> [Task details] Below are the records; output them exactly from the first line through the line with "2015 Hyundai Elite", stopping there.

> [Entries provided]
=-=-=-=-=

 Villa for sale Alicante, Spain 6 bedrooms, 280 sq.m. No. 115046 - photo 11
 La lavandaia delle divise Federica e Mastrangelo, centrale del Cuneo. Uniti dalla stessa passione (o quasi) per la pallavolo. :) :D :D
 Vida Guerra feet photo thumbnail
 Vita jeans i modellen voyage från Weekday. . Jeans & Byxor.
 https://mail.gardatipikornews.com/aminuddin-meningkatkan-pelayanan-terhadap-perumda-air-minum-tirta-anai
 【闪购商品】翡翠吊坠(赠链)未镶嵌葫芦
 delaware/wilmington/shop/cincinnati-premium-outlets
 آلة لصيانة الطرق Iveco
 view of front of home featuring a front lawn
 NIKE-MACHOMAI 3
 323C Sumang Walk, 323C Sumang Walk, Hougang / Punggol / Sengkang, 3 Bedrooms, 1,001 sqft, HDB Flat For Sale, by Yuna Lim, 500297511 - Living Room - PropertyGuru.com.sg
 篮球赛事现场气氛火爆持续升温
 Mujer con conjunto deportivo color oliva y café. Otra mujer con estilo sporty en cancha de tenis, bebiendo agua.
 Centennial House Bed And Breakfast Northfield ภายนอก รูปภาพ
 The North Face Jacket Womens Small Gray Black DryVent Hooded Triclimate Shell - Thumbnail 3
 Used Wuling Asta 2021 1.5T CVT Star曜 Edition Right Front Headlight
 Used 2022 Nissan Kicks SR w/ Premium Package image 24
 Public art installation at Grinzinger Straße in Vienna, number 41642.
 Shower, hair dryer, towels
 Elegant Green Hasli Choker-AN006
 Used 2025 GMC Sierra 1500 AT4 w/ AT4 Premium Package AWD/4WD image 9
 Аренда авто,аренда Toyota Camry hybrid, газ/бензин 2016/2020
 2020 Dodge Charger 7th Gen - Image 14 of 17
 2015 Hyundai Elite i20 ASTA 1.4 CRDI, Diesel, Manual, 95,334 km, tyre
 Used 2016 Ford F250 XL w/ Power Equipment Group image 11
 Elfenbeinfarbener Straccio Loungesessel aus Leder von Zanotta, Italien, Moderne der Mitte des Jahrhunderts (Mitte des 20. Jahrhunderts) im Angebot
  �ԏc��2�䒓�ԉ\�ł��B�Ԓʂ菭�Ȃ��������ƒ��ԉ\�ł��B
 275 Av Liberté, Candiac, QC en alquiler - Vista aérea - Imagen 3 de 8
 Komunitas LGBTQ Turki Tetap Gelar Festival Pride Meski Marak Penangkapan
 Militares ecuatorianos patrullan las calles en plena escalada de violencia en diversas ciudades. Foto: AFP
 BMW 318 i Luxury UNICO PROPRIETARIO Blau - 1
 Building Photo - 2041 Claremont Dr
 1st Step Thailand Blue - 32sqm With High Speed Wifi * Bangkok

=-=-=-=-=

> [Response below]
 Villa for sale Alicante, Spain 6 bedrooms, 280 sq.m. No. 115046 - photo 11
 La lavandaia delle divise Federica e Mastrangelo, centrale del Cuneo. Uniti dalla stessa passione (o quasi) per la pallavolo. :) :D :D
 Vida Guerra feet photo thumbnail
 Vita jeans i modellen voyage från Weekday. . Jeans & Byxor.
 https://mail.gardatipikornews.com/aminuddin-meningkatkan-pelayanan-terhadap-perumda-air-minum-tirta-anai
 【闪购商品】翡翠吊坠(赠链)未镶嵌葫芦
 delaware/wilmington/shop/cincinnati-premium-outlets
 آلة لصيانة الطرق Iveco
 view of front of home featuring a front lawn
 NIKE-MACHOMAI 3
 323C Sumang Walk, 323C Sumang Walk, Hougang / Punggol / Sengkang, 3 Bedrooms, 1,001 sqft, HDB Flat For Sale, by Yuna Lim, 500297511 - Living Room - PropertyGuru.com.sg
 篮球赛事现场气氛火爆持续升温
 Mujer con conjunto deportivo color oliva y café. Otra mujer con estilo sporty en cancha de tenis, bebiendo agua.
 Centennial House Bed And Breakfast Northfield ภายนอก รูปภาพ
 The North Face Jacket Womens Small Gray Black DryVent Hooded Triclimate Shell - Thumbnail 3
 Used Wuling Asta 2021 1.5T CVT Star曜 Edition Right Front Headlight
 Used 2022 Nissan Kicks SR w/ Premium Package image 24
 Public art installation at Grinzinger Straße in Vienna, number 41642.
 Shower, hair dryer, towels
 Elegant Green Hasli Choker-AN006
 Used 2025 GMC Sierra 1500 AT4 w/ AT4 Premium Package AWD/4WD image 9
 Аренда авто,аренда Toyota Camry hybrid, газ/бензин 2016/2020
 2020 Dodge Charger 7th Gen - Image 14 of 17
 2015 Hyundai Elite i20 ASTA 1.4 CRDI, Diesel, Manual, 95,334 km, tyre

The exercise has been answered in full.